RAID is not a backup!

This post describes the authors experience, almost losing his data on a RAID disk set. He also gives good details on why RAID is not a backup and how he rectified the situation. Remember: RAID is not a backup!

When working with corporate systems, a complete, reliable, and tested backup system is important. RAID does not protect you against many (or even most) disasters that could happen.

RAID is designed to protect against one thing: disk failure. It does not protect against user error, operator error, site destruction, and many more possibilities.

So how do I back things up? I must admit, I’ve improved my backup strategies of late. I currently have several tools that I use and would recommend to you:

  • SpiderOak. This is an online backup service which offers the first 2Gb backup free. They also maintain multiple version backup, so if you want a file from two versions back, it’ll still be there. This service is worth paying for, I’d say.
  • For my Mac, I’ve used PsyncX periodically (albeit not automated). It has come in handy more than once as my laptop died several times – I’ve one of those iBooks that was notorious for video hardware that failed annually (and Apple would fix for free, but never admitted fault). If you’ve a Mac, get an external drive and use PsyncX to save your home directory off. Also recommended: put your applications in your home directory, not the system directory: restoring your home directory will then be enough to get your applications back.
  • For UNIX, the similar alternative to PsyncX is rsync: again, get an external drive and save your home directory off to it regularly.
  • Also, come at it from the other direction: save your configuration by putting it into a cfengine or puppet setup and saving that as well. If the machine fails, running cfengine or puppet on startup will restore the system to its original state.
  • One other item – that may seem a bit unusual – is using Thinkfree Office. Thinkfree Office gives you a way to save documents locally and have them mirrored in the Internet cloud – and you can also manipulate your documents on the web as well. Of course, this is only entirely true for documents that Thinkfree Office can edit.

It would seem that cfengine v3 is now available for download – that will have to be a subject for a new article.

JournalSpace Dies by Data Loss

The blogging site JournalSpace has been shut down after there was significant data loss without backups. The entrepeneur’s blog has more information – apparently, the most likely cause seems to be sabotage by a former IT staff person, combined with the lack of working backups.

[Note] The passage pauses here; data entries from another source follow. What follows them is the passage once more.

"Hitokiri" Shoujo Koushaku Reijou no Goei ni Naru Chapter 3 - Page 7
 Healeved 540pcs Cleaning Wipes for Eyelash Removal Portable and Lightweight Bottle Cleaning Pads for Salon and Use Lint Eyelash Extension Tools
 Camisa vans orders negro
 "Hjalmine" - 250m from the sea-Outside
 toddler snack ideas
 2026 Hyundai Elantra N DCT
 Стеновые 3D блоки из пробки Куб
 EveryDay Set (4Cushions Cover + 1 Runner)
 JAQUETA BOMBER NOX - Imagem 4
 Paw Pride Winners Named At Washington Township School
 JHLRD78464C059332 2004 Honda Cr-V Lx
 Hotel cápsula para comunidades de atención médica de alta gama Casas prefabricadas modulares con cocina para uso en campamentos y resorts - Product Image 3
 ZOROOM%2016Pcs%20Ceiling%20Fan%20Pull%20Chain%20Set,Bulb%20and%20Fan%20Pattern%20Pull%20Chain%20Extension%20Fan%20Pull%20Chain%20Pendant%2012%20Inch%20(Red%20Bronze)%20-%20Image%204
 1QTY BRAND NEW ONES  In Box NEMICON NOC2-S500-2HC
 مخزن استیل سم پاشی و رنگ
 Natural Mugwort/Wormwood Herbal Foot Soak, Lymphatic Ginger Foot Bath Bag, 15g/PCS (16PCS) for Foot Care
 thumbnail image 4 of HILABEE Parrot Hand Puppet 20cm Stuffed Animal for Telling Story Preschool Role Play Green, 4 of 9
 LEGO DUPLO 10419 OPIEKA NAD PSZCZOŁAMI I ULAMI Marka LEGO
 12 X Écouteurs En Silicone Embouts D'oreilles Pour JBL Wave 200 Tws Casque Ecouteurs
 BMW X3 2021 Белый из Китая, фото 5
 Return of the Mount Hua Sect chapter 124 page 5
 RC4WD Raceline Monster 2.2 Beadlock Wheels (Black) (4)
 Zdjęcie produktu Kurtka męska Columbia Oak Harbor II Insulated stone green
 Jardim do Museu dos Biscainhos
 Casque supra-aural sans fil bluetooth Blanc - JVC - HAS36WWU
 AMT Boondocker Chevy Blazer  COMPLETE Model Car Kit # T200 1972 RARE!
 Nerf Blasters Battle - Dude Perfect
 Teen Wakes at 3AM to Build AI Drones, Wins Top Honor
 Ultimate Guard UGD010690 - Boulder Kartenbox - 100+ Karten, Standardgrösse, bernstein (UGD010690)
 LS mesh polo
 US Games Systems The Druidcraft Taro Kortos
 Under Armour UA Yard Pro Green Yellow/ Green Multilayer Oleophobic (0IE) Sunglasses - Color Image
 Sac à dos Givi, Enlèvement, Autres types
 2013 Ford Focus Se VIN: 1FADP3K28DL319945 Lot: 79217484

What can we learn from this unfortunate incident? There are a number of things to note here:

  • Remove all access for former staff in its entirety – don’t skimp! All access, passwords, server access, everything. Lock it down. If you have only one IT staffer, you are also at risk: you need to be able to call on someone who can lock out your fired (or laid off) employee completely.
  • Disk RAID is not a backup solution. RAID protects you from disk failure, not from “data failure” or operator mistakes. Do not forget to have a complete backup solution in place. It also pays to enable a “hot spare” so that if one of the disks fail, that there is still protection from disk loss.
  • Have a backup solution. You must have a comprehensive backup plan working, tested, and implemented.
  • Have a working backup solution. This point cannot be stressed enough: Test your backup solution before you need to use it! When the data is gone is no time to realize that the backups are useless. Test your backups in real-world scenarios as well: one story described a backup solution that was well-tested, then the tapes went off-site in the operator’s car. Unfortunately, sitting in the car caused the tapes to be demagnetized and this was realized only after the data was gone. Test those backups!

The dreadful story of JournalSpace might have had a different ending if they had only tested their backups: that alone would have saved them. However, solutions (like security) should be in depth: working backups might not be enough next time.